The International Monetary Fund’s predictions of the Canadian economy’s prospects for next year are far more optimistic than what is warranted by current figures, Deloitte Canada chief economist Craig Alexander stated.
In its latest outlook, the IMF pulled back its growth estimate for Canada to 1.5% this year, down from the 1.9% forecast in January.
However, Alexander contested the IMF’s prediction of a Canadian recovery of 1.9% in 2020, which will accompany an expected global growth of 3.6% that year.
“They’re too optimistic,” he told the Financial Post. “The reality is that many people’s expectations of what represents good growth are actually too high.”
The economist projected that Canadian GDP will grow by 1.3% in 2019, and then only a miniscule gain to 1.5% in 2020.
An important factor working through the market is the steadily increasing overall debt level, which has hobbled the purchasing power of a significant proportion of consumers, Alexander explained. The latter aspect is especially apparent in the precipitous decline of large retail and real estate purchases.

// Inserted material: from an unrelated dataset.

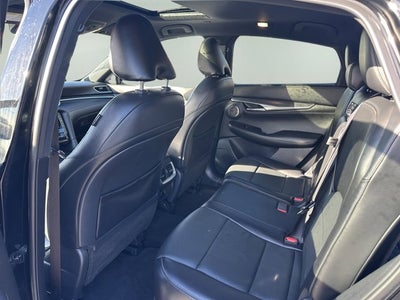 2022 INFINITI QX55 ESSENTIAL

Moreover, businesses have by and large adapted conservative investment strategies for the time being, mainly due to global turmoil in financial markets. A long-term goal of surviving in this environment should push Canada to make its tax and regulatory regimes conducive to further competition and investment, Alexander stressed.

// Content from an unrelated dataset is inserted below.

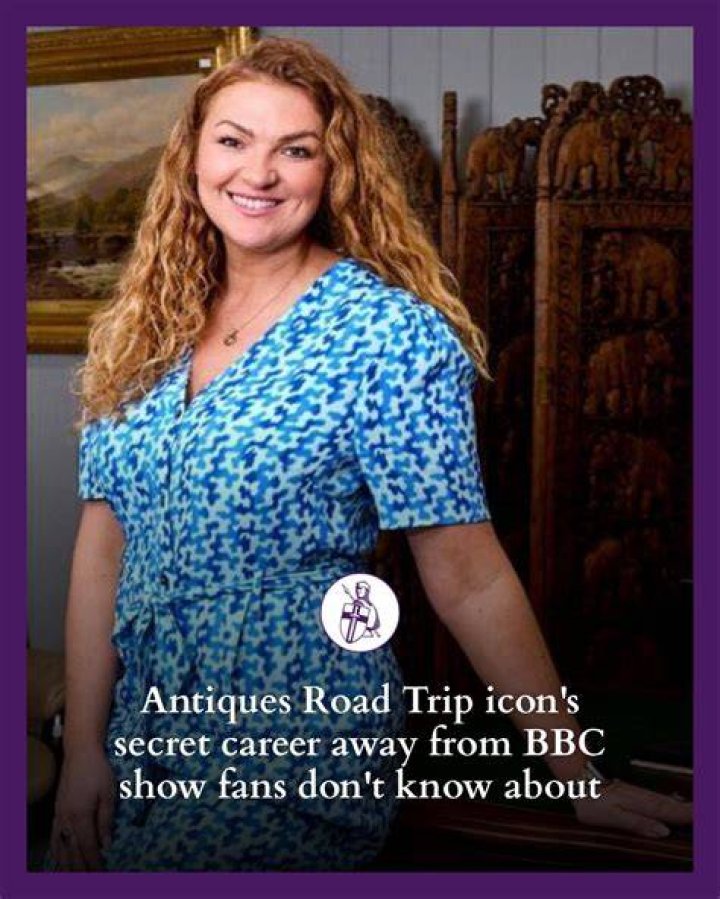 
Antiques Road Trip Host Irita Marriott Makes An Appearance On The Recent Run On The Show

Earlier this month, Bank of Canada Governor Stephen Poloz assured that Canada’s economic slowdown will ultimately be a fleeting state of affairs. He cited modest economic growth at the beginning of the year, along with a flexible exchange rate, as elements buttressing the nation’s fundamentals.
“There are challenges in the Canadian and global economies that we need to manage, but there are clear signs that Canada is adjusting to the challenges,” Poloz said. “Recent economic data have been generally consistent with our expectation that the period of below-potential growth will prove to be temporary.”